Steiner Tree Dreyfus Wagner

Problem definition.

In the Steiner tree problem we are given the set of nonterminals, the set of terminals and the metric m. Our goal is to find a minimum cost tree connecting all terminals (it can possibly contain some nonterminal nodes).

Solution

This algorithm solves exact SteinerTree problem in exponential time in respect of number of terminals.

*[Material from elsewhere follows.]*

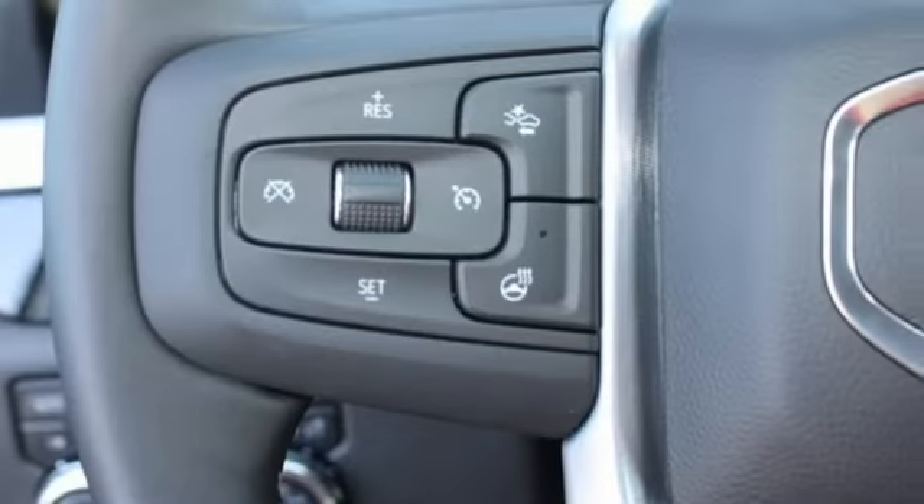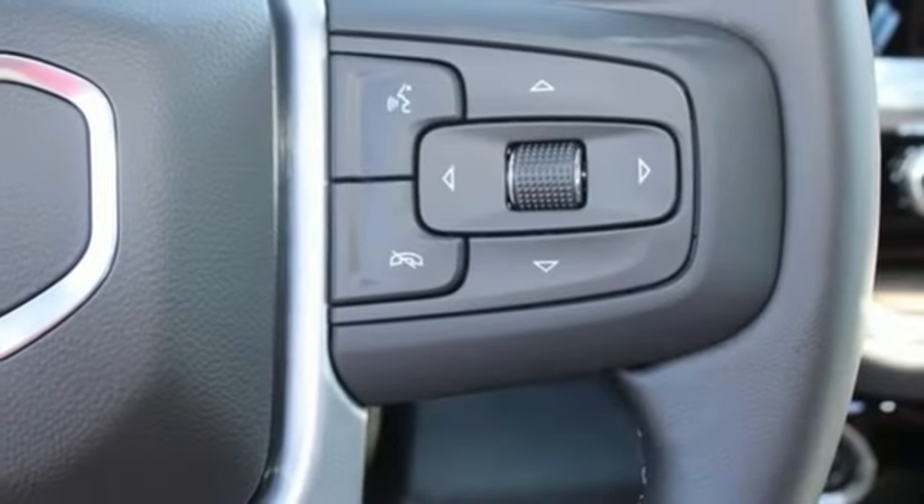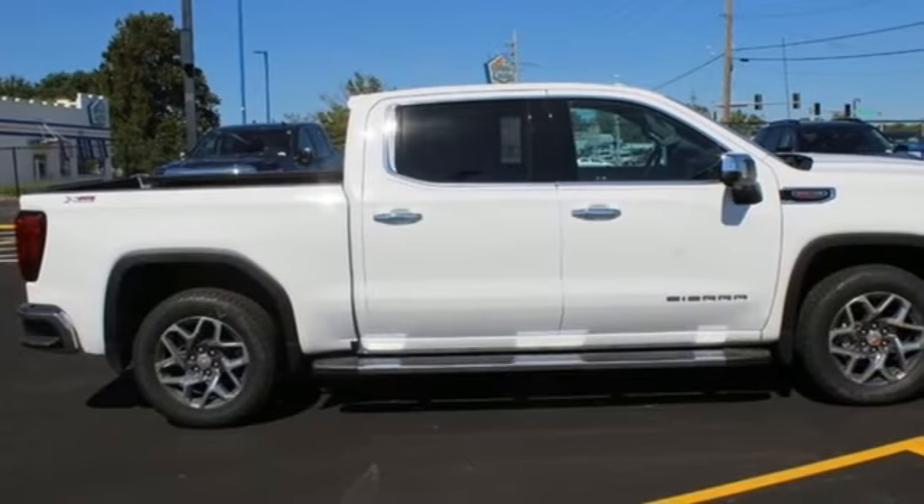Memory exterior door mirror settings. AM-FM satellite radio. Trailer brake controller. Four-wheel drive. And integrated navigation system with voice activation.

Not an approximation algorithm by itself, it is used to solve subproblems in many other algorithms.

Example

#include "test/test_utils/sample_graph.hpp"
#include <boost/range/algorithm/copy.hpp>
#include <iostream>
int main() {
// prepare metric
typedef sample_graphs_metrics SGM;
auto gm = SGM::get_graph_metric_steiner();
// prepare terminals and Steiner vertices
std::vector<int> terminals = { SGM::A, SGM::B, SGM::C, SGM::D };
std::vector<int> nonterminals = { SGM::E };
// run algorithm
auto dw =
paal::make_dreyfus_wagner(gm, terminals, nonterminals);
dw.solve();
// print result
std::cout << "Cost = " << dw.get_cost() << std::endl;
std::cout << "Steiner points:" << std::endl;
boost::copy(dw.get_steiner_elements(),
std::ostream_iterator<int>(std::cout, "\n"));
std::cout << "Edges:" << std::endl;
for (auto edge : dw.get_edges()) {
std::cout << "(" << edge.first << "," << edge.second << ")"
<< std::endl;
}
return 0;
}

example file is dreyfus_wagner_example.cpp

Complexity

Complexity of the algorithm is $$O(3^{|T|} * |V| + 2^{|T|} * |V|^2)$$, where T is the set of terminals.

References

The algorithm is described in the [7].